DATA RECORDS:

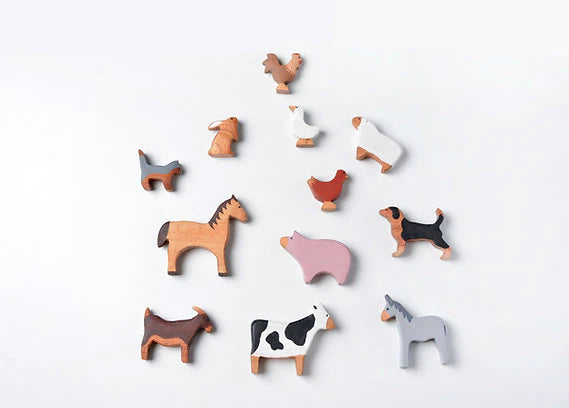 BIRCH & BUG Farm Animals Set of 12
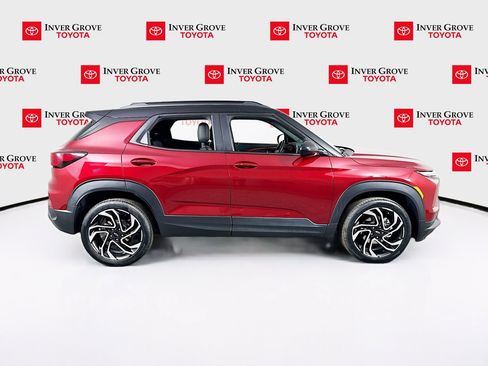 Used 2024 Chevrolet TrailBlazer RS w/ Driver Confidence Package image 4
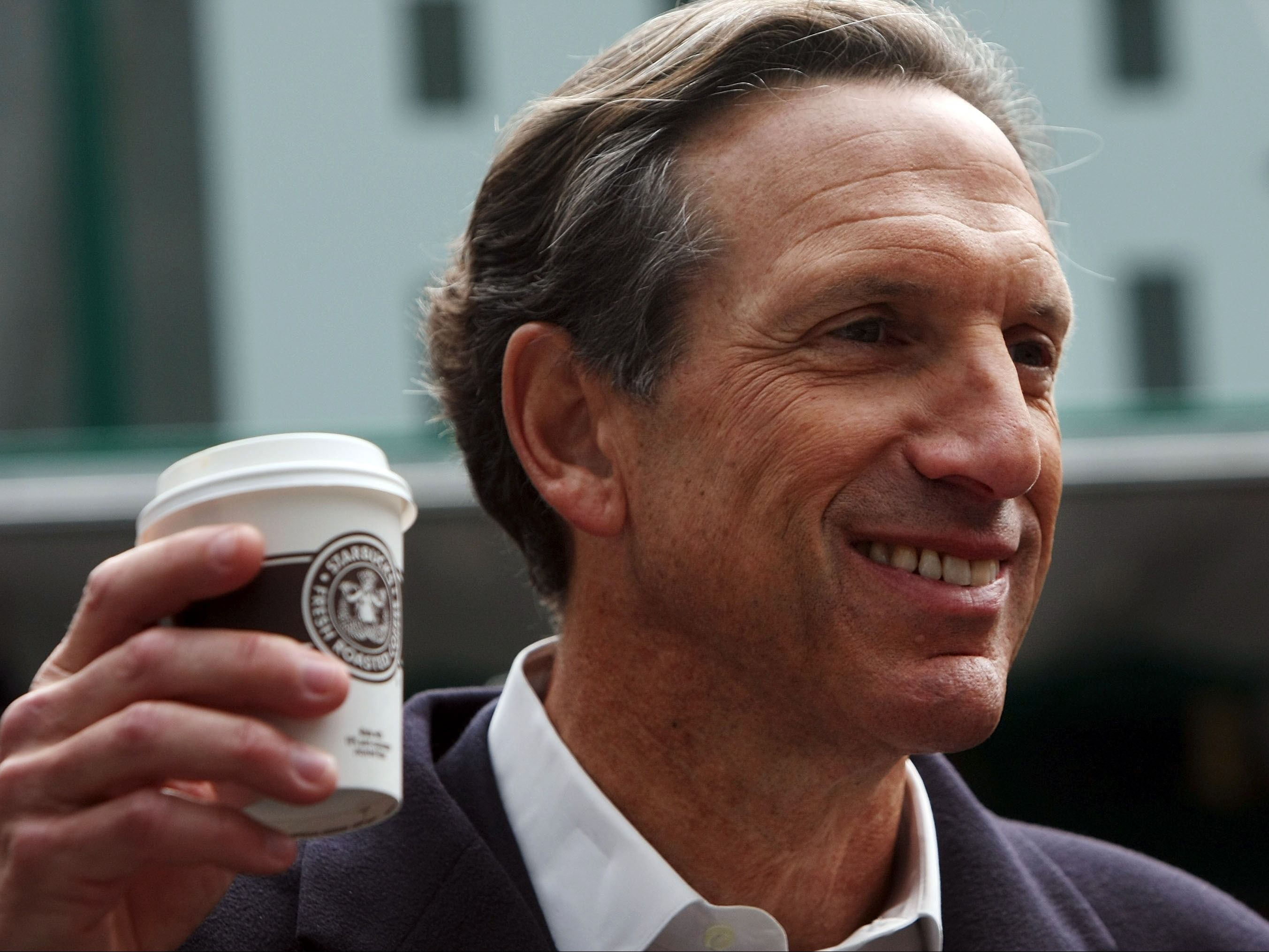 En la insistencia estuvo la clave del éxito del creador de Starbucks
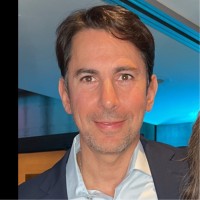 Lucid Capital Markets LLC - Investment Banking Employee David Rosenberg's profile photo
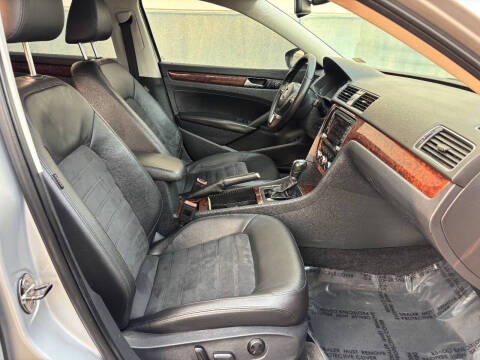 2012 Volkswagen Passat TDI SEL Premium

WHAT TO PRODUCE: Each record above must be set down again unchanged, with its pictures left out.

OUTPUT:
 BIRCH & BUG Farm Animals Set of 12
 Used 2024 Chevrolet TrailBlazer RS w/ Driver Confidence Package image 4
 En la insistencia estuvo la clave del éxito del creador de Starbucks
 Lucid Capital Markets LLC - Investment Banking Employee David Rosenberg's profile photo
 2012 Volkswagen Passat TDI SEL Premium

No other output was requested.